Cette dernière arbore pour notre rencontre un polo rouge aux couleurs du Parti républicain, et deux broches à l'avenant. Membre d'un groupe local du Tea Party, elle profère d'une voix douce des critiques acides à l'égard du président en exercice, "un petit dictateur". Les sondages qui le donnent gagnant la laissent de marbre. "Vous savez, à l'université j'avais un cours qui s'intitulait 'Comment mentir avec les statistiques'", m'explique-t-elle en souriant.
Plusieurs voisins sont déjà venus l'aborder pour avoir leur panneau. Quelques pâtés de maisons plus loin, justement, Elden Peck, retraité de la Navy, lui en a réclamé un pour son jardin. Sa maison est au bord du terrain de golf et il a déjà planté à l'arrière, visible aux yeux de tous, un écriteau où sont imprimés, en noir et rouge sur fond blanc, les mots "NO-bama".
"J'ai quatre petits-enfants, je suis très inquiet pour eux"
Ce jour-là, Dowell Sims, un voisin, prend le soleil avec lui sur la terrasse de la petite maison. A la question de savoir s'il soutient Mitt Romney, il répond dans un grand éclat de rire : "Hell yeah !" ("Et comment !"). "Il n'y a qu'un seul candidat." Envisageable, s'entend. "J'ai trois enfants, quatre petits-enfants. Je suis très inquiet pour eux, sur ce qu'on va leur laisser", explique ce grand gaillard de 63 ans, au crâne lisse et bronzé. "Ils n'auront pas la moitié des opportunités que nous avions. Je vois tellement de jeunes qui vont à l'université, dont les parents s'endettent lourdement, et auxquels nous n'avons aucun emploi à proposer."

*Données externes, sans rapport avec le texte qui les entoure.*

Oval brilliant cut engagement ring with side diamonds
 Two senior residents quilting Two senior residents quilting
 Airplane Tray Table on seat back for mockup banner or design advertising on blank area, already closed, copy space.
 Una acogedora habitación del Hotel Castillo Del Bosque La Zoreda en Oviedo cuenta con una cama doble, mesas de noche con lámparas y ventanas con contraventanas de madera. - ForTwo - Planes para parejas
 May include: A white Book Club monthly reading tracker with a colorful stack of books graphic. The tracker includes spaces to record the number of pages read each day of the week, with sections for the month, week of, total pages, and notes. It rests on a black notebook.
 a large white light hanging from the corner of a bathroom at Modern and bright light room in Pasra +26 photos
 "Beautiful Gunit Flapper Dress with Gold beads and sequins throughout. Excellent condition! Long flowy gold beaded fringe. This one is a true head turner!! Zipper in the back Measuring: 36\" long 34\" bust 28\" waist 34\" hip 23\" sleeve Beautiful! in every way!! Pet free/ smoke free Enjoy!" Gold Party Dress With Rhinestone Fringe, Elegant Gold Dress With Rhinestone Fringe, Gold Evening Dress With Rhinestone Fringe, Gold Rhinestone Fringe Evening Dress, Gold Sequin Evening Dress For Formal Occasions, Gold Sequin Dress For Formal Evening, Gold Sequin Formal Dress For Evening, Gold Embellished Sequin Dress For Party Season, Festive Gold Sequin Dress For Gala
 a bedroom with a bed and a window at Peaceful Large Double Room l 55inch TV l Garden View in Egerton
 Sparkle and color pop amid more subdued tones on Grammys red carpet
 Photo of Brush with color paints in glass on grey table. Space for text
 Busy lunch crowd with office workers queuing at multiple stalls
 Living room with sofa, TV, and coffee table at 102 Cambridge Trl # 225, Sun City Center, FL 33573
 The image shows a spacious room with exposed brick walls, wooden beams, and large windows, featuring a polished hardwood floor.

Ce franc-maçon, impliqué dans les œuvres humanitaires de son ordre, espère que le discours d'Ann Romney, qui doit s'exprimer le soir-même à la convention, va être l'occasion d'infléchir un peu le ton de la campagne. "Je suis impatient de les voir sortir de tout ce négatif. Qu'ils disent ce que Romney peut faire de bien."